House bill quietly filed on education funding

Added payments for low-income students emerging as key difference

House bill quietly filed on education funding

WHILE BIG EDUCATION funding bills filed by Gov. Charlie Baker and a key state senator have garnered lots of attention, a third school financing bill was quietly filed in the House last week that also proposes a sweeping update of the state’s 26-year-old education aid formula.

Rep. Paul Tucker, a Salem Democrat, submitted legislation hours before last Friday’s bill filing deadline that would also steer millions of dollars in new spending to Massachusetts schools. Tucker’s bill, which has a bipartisan roster of 32 cosponsors, including House Speaker Pro Tempore Patricia Haddad, would implement all four central funding recommendations of a 2015 state commission that concluded Massachusetts was lagging badly in its support of K-12 education.

It means there are now proposals in play from all three key players on Beacon Hill, setting the stage for what’s expected to be the biggest debate in decades on education funding in the state.

“I clearly see the appetite among the Legislature and the governor to do something here to get this done,” said Tucker. “I am very optimistic that at the end of this legislative session we’re going to have something we can be proud of.”

Earlier this month, a group of lawmakers and advocates unveiled a funding bill under the lead of Sen. Sonia Chang-Diaz, cochair of the Legislature’s education committee. Chang-Diaz estimated that the bill would add $900 million to $2 billion to the state’s annual contribution to school spending in the state.

On Wednesday, Baker rolled out his education bill, which he said would increase the state’s “foundation” school budget – a minimum level of spending that combines local and state dollars – by $1.1 billion once fully implemented over a seven-year phase-in period.

Chang-Diaz issued a statement, cosigned by several other legislators and advocates, criticizing the governor’s bill for not adequately funding schools with large low-income student populations.
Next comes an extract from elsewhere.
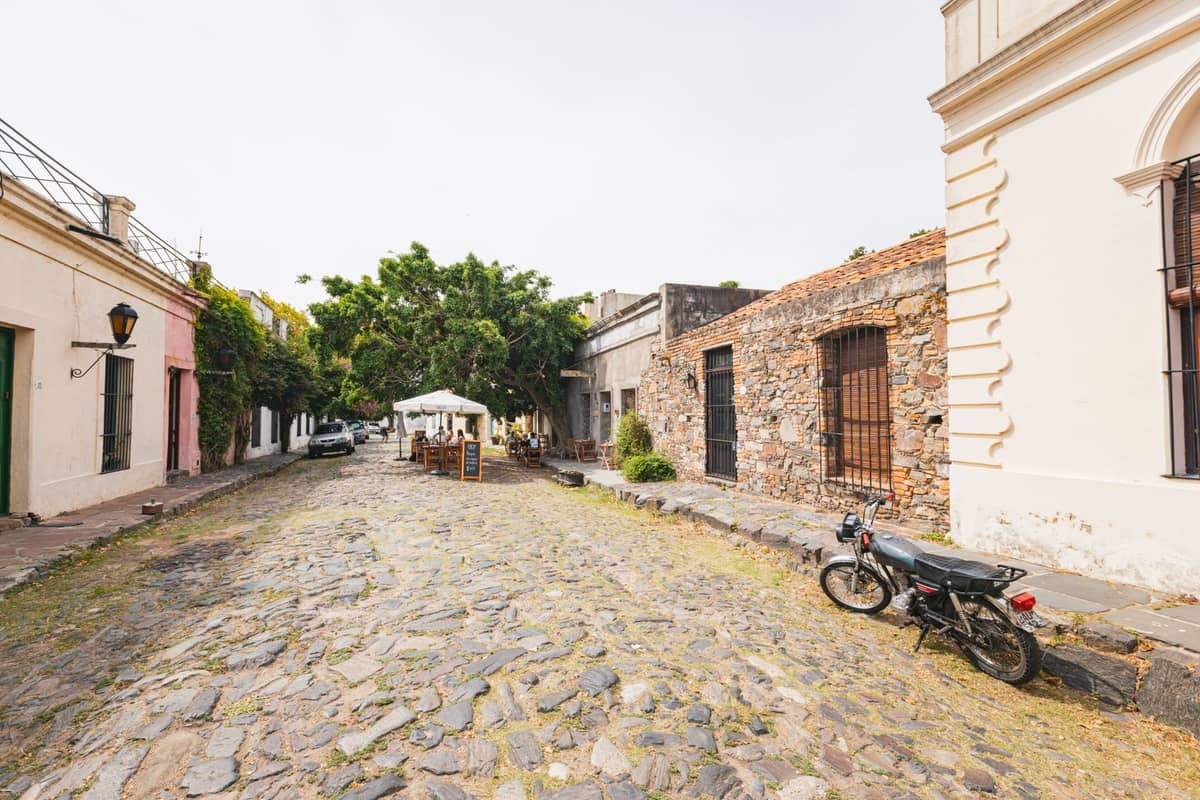 ถนนปูหินในย่านประวัติศาสตร์อาณานิคมของ Colonia del Sacramento เรียงรายด้วยอาคารหินและปูนเก่าแก่พร้อมรถมอเตอร์ไซค์จอดอยู่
The bill “fails to even come close to honoring the guidelines of the Foundation Budget Review Commission with respect to high-poverty districts,” the statement said, referring to the 2015 state commission that recommended a revamp of the school funding formula.
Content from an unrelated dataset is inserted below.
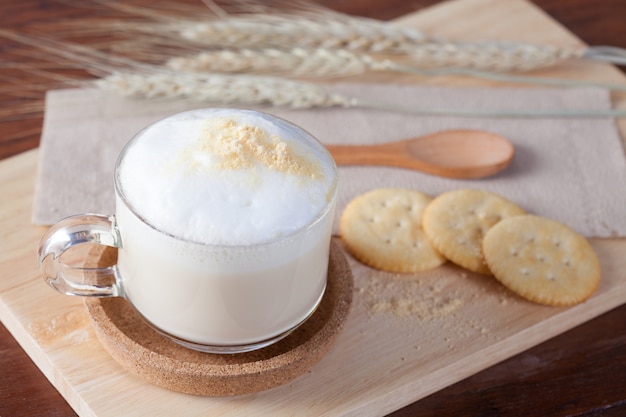 Hot milk with biscuits on wooden plate on wooden table for breakfast.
Emerging as a central area of disagreement is the component of the school funding formula that provides extra money for districts with high concentrations of low-income students. In the bill filed by Chang-Diaz, districts with the highest concentration of low-income students would receive double the baseline per pupil funding established by the formula. The governor’s bill would give those districts a roughly 57 or 58 percent increase for each low-income student.
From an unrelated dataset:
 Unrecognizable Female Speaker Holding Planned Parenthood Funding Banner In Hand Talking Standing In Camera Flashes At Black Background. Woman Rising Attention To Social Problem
Under the House bill, districts with the lowest concentration of low-income students would receive a 50 percent higher level of aid for each such student, with progressively greater add-on payments for districts with higher percentages of low-income students.

While the Senate education committee chair is taking a lead role in early stages of the debate, the House bill was not filed by that chamber’s education committee chair, Alice Peisch, but by a rank-and-file member of the committee.

“I remain fully committed to adopting a plan to implement the recommendations of the [Foundation Budget Review Commission] this year and will be cosponsoring the bill filed by Rep. Tucker,” Peisch said in a statement. “As the representative from Salem, a Gateway City, and a member of the Education Committee for the past two sessions, Rep. Tucker appreciates the impact that implementing these recommendations will have and I look forward seeing the bill progress.”

Asked on Friday about the bill filed in the House, Speaker Robert DeLeo said in a statement: “Rep. Tucker has proven to be a strong public school advocate who understands the needs and challenges facing our low-income school districts, and I look forward to working with him on this important issue.”

The House bill would also establish a Student Supports Fund, which superintendents, principals, or even individual teachers in districts or schools with a high concentration of low-income students could apply for funding to develop classroom programming tailored to student needs.

Baker’s bill also includes discretionary funds that the state education commissioner could award to low-performing districts. The governor’s bill would also let the commissioner withhold state aid for administrative functions to districts that fail to implement provisions of state-directed turnaround plans at chronically underperforming schools.

That provision was met with strong criticism from teachers’ unions and other advocates. The House bill does not include any such provision.